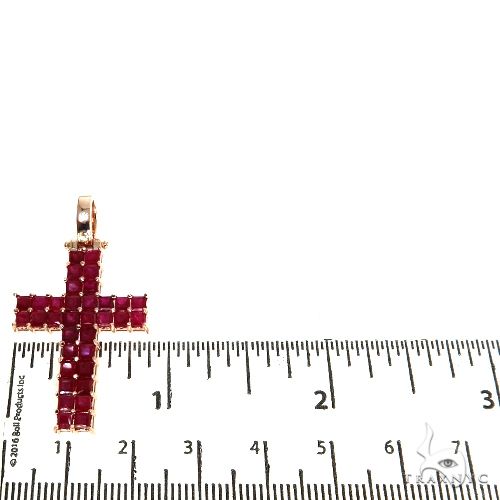 Ruby 2 Row Princess Cut Sapphire Cross 67790 67791 - Image 5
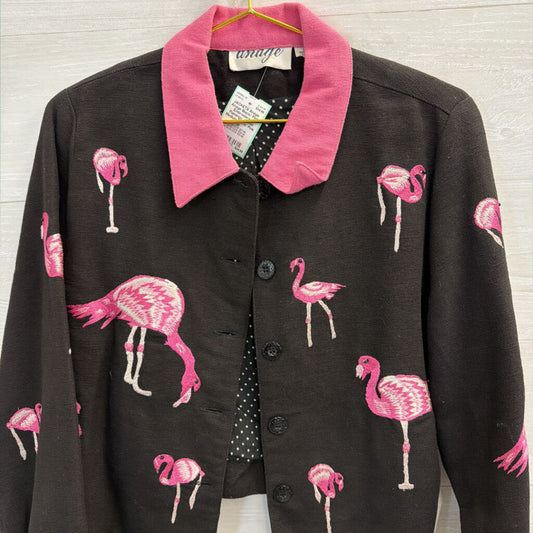 Anage Black/ Pink Embroidered Flamingo Jacket Medium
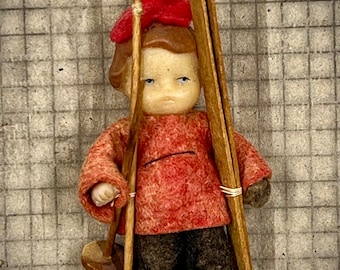 Vintage Tiny German ARI Rubber Alpine Doll With Ski’s, Doll House Doll - 1960’s - Rubber Baby Buggy Bumpers, Craft Supply (B)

| WHAT NEEDS TO BE DONE |
Every line above should be repeated exactly; pictures stay out of the copy.

| RESPONSE TO THIS EXERCISE |
 Ruby 2 Row Princess Cut Sapphire Cross 67790 67791 - Image 5
 Anage Black/ Pink Embroidered Flamingo Jacket Medium
 Vintage Tiny German ARI Rubber Alpine Doll With Ski’s, Doll House Doll - 1960’s - Rubber Baby Buggy Bumpers, Craft Supply (B)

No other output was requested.